Halt Friday execution immediately, Amnesty International Malaysia says
(For immediate release)
Amnesty International Malaysia notes with extreme concern the imminent execution of Gunasegar Pitchaymuthu, slated to hang in two days on 25 March.
Should Gunasegar be executed, it would be another enormous step backwards on human rights for Malaysia. The authorities must put a stop to these plans immediately.
“Gunasegar’s mother received a letter from the Taiping Prison’s Department informing them to visit him tomorrow after 9am for the last time as he would be executed ‘soon’. In the letter, the Taiping Prison’s Department also advised the family to discuss arrangements to claim the Gunasegar’s body for his funeral,” Amnesty International Malaysia Executive Director Shamini Darshni said in a statement.
“The mother, Nagarani Sandasamy, had visited Gunasegar last week, and both were unaware that the 34-year-old was scheduled to hang just a week later.”

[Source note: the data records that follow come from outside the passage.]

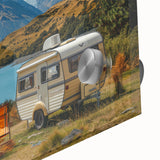 Large abstract wall art featuring a mid-century modernist caravan design in muted earth tones on acrylic glass.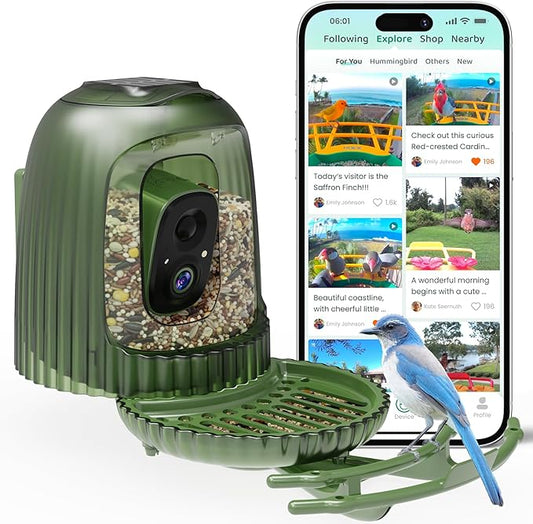HIXX Smart Bird Feeder with Camera, AI Bird Identifier & 4MP Color Night Vision, Exclusive Vertical View Mode, Squirrel-Deterrent Design, Solar Light for Nature Lovers (Color Light)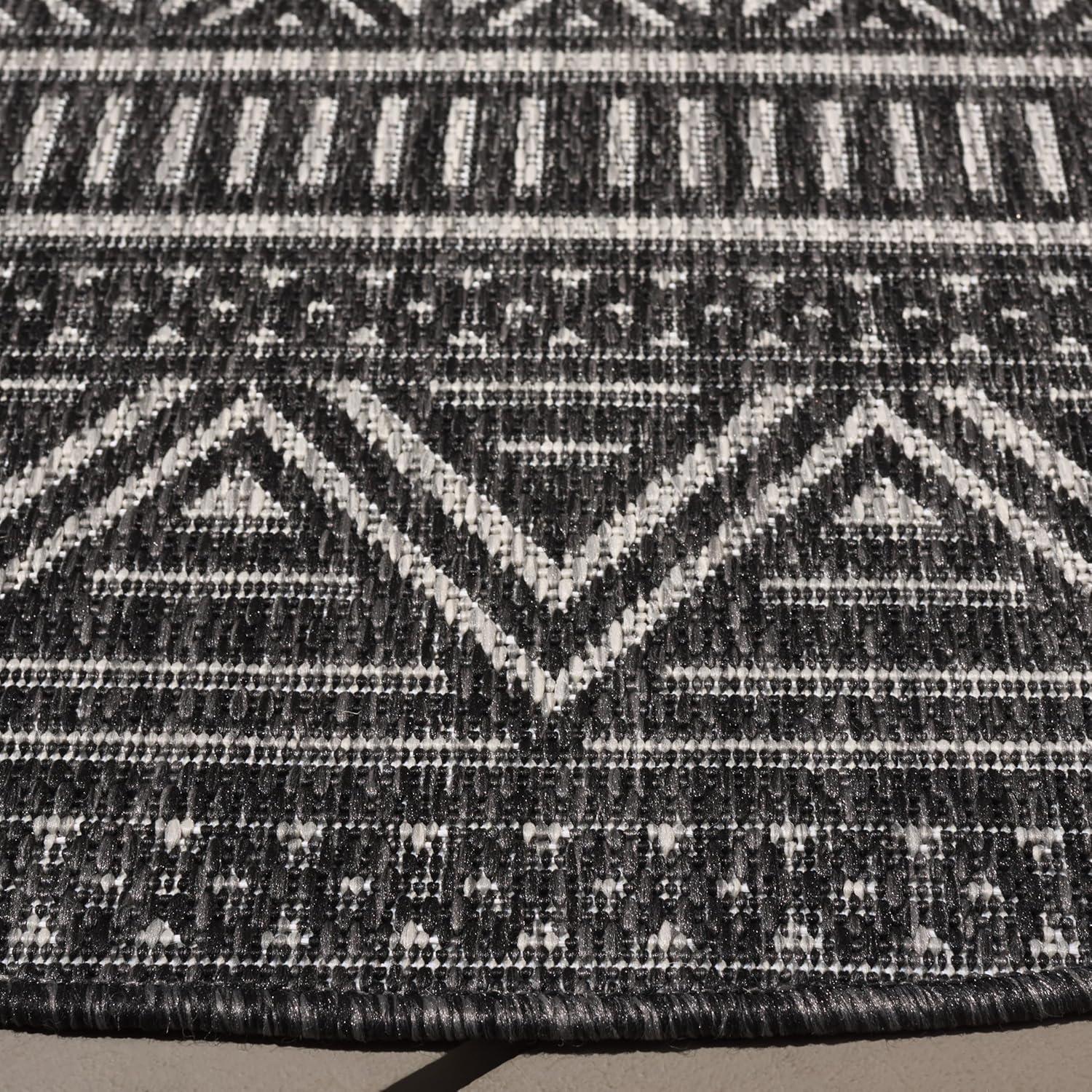 image:imageSAFAVIEH Washable Rug Outdoor Beach House Collection 8 x 10 Charcoal amp Grey NonShedding amp Easy to Clean Ideal for Patio Backyard Mudroom BHS288HCharcoalGrey
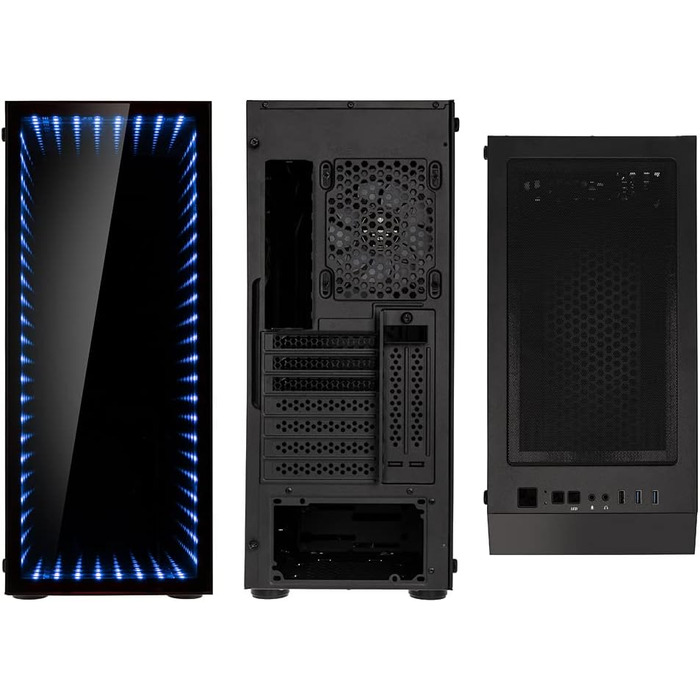 Корпус для ПК Kolink Void Rift Midi Tower з ARGB-підсвіткою, скляна панель, вертикальне встановлення GPU, ігровий, загартоване скло, для ATX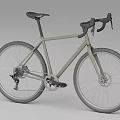 Modern Road Bicycle With Beige Frame Drop Handlebars Black Saddle And Silver Rims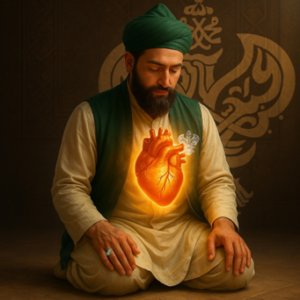 Man meditating with glowing heart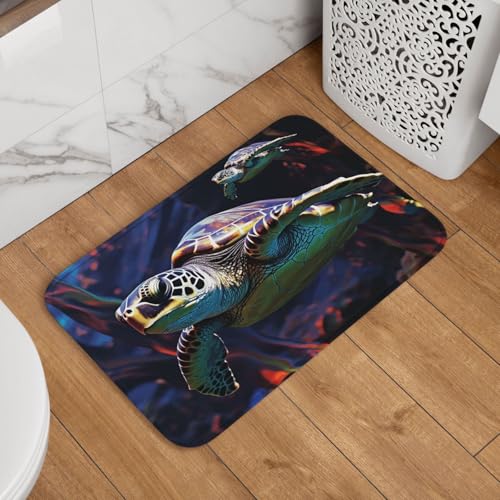 Fußmatte mit tropischer Meeresschildkröte, rutschfest, saugfähig, weich, waschbar, Bodenmatte, moderner Teppich für stilvolle Küche, Schlafzimmer, Badezimmer, Dekoration, 40,6 x 61 cm Fußmatte mit tropischer Meeresschildkröte, rutschfest, saugfähig, weich, waschbar, Bodenmatte, moderner Teppich für stilvolle Küche, Schlafzimmer, Badezimmer, Dekoration, 40,6 x 61 cm von LHDGBNV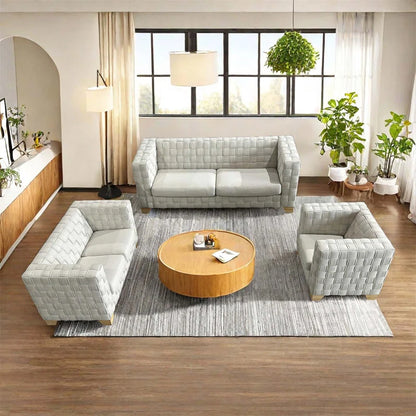 Light Beige FX-D1 SOFA SET with Oak Natural Wood Color Sofa Legs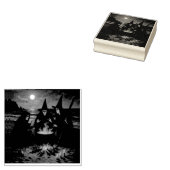Three Witches Brew Cauldron Full Moon Beach  ラバースタンプ (押印)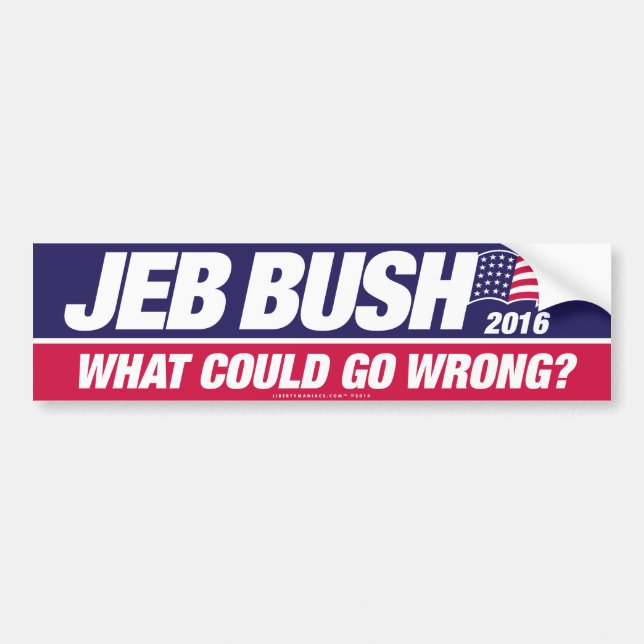 Pegatina Para Coche Jeb Bush 2016 (Frente)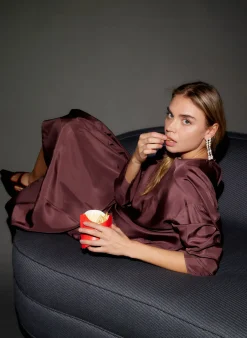 Online Tibi Silk Habutai Circular Top Cinnamon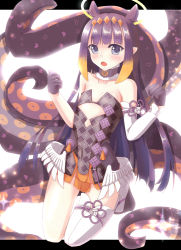 Rule 34 | 1girl, bare shoulders, black dress, black gloves, blue eyes, blush, breasts, brown hair, collarbone, commentary request, detached sleeves, dress, fuyuki8208, gloves, gradient hair, half gloves, halo, hands up, heart, hololive, hololive english, letterboxed, long hair, long sleeves, looking at viewer, multicolored hair, ninomae ina&#039;nis, ninomae ina&#039;nis (1st costume), open mouth, purple hair, single detached sleeve, single thighhigh, small breasts, solo, strapless, strapless dress, tentacles, thighhighs, very long hair, virtual youtuber, white background, white sleeves, white thighhighs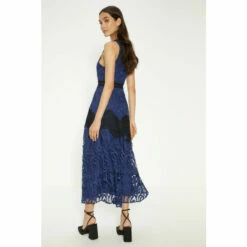 Oasis Premium Lace Halter Neck Contrast Panel Midi Dress For Female -Oasis Sales Store unnamed file 4190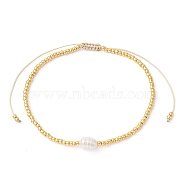 Natural Pearl & Seed Braided Bead Bracelets, Adjustable Bracelet, Oval, Wide: 2~5.5mm, Inner Diameter: 2~3-3/8 inch(5.2~8.7cm)(BJEW-JB09722-01)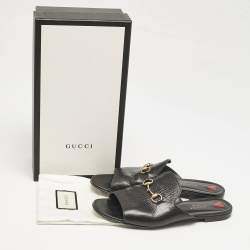 Gucci Black Leather Malaga Horsebit Flat Slide Sandals Size 39.5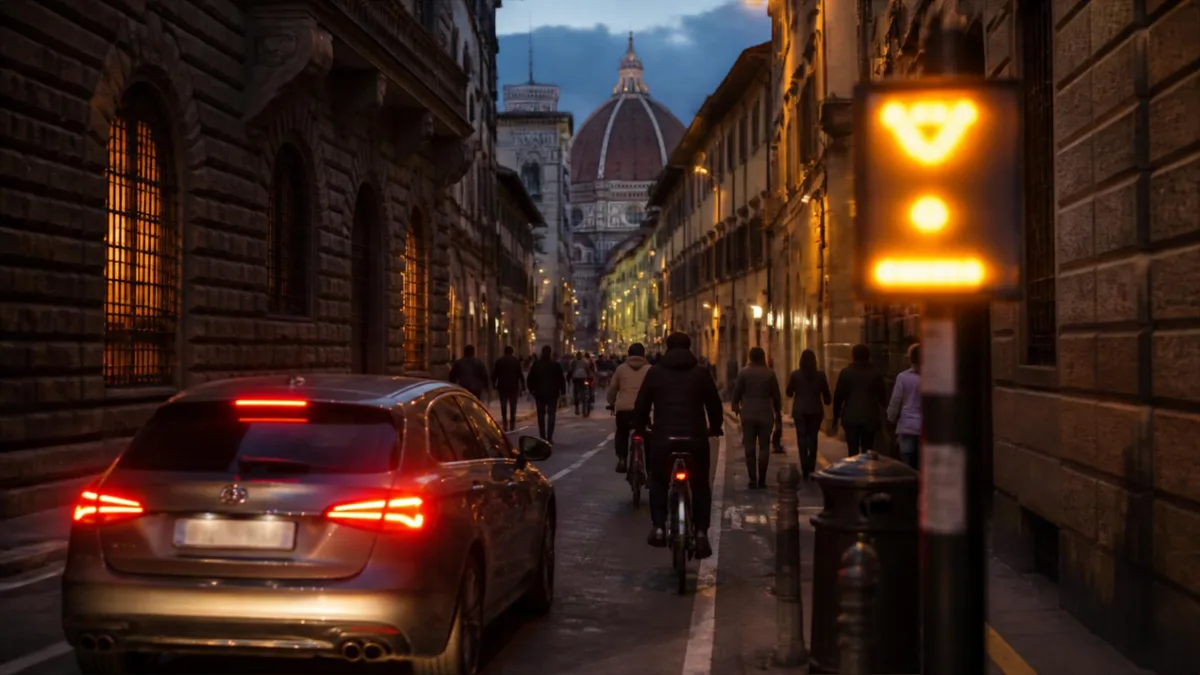 Varco ZTL a Firenze Ingresso di una zona a traffico limitato in una via storica di Firenze al crepuscolo, con varco elettronico sfocato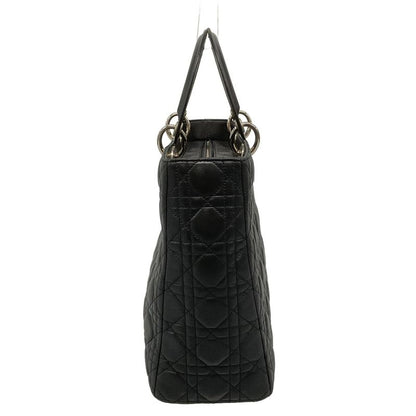 DIOR Christian Dior Handbag Lady Dior Large Bag Black Silver Hardware Lambskin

Amnesty International has consistently raised its concerns in relation to Malaysia’s practice of “secretive” executions where information on scheduled executions is not made public before being carried out, in line with international standards on the use of the death penalty. While the authorities have released overall figures on implemented death sentences periodically, no information is made publicly available in relation to the individual cases, nor is it known who was executed, when the executions were carried out and for what crimes. Transparency on the use of the death penalty is an essential safeguard in death penalty cases, as it not only allows for greater scrutiny to ensure that rights of those facing execution are fully respected, but also as it is the pre-condition for informed and meaningful debates on the issue.
Often, executions are arranged and families are informed to visit their loved ones on death row at the last minute – often just a day or two before the scheduled hanging.
“We call upon the Malaysian government to immediately halt all plans to execute Gunasegar, and to commute existing death sentences to life imprisonment. As discussions on abolishing the mandatory death penalty in Malaysia continue, the Malaysian government must immediately put in place a moratorium on all executions as a first step towards full abolition of the death penalty.”
In recent months, the Attorney-General and the Law Minister have announced that the government was looking at abolishing the mandatory death penalty, currently the punishment for drug-related offences and murder, among other crimes.
“Amnesty International opposes the death penalty in all cases without exception. There is no tangible proof that the death penalty is a deterrent to crime,” Shamini said.
Amnesty International opposes the death penalty in all cases without exception regardless of the nature or circumstances of the crime, the guilt, innocence or other characteristics of the individual, or the method used by the state to carry out the execution.
The death penalty violates the right to life and is the ultimate cruel, inhuman and degrading punishment.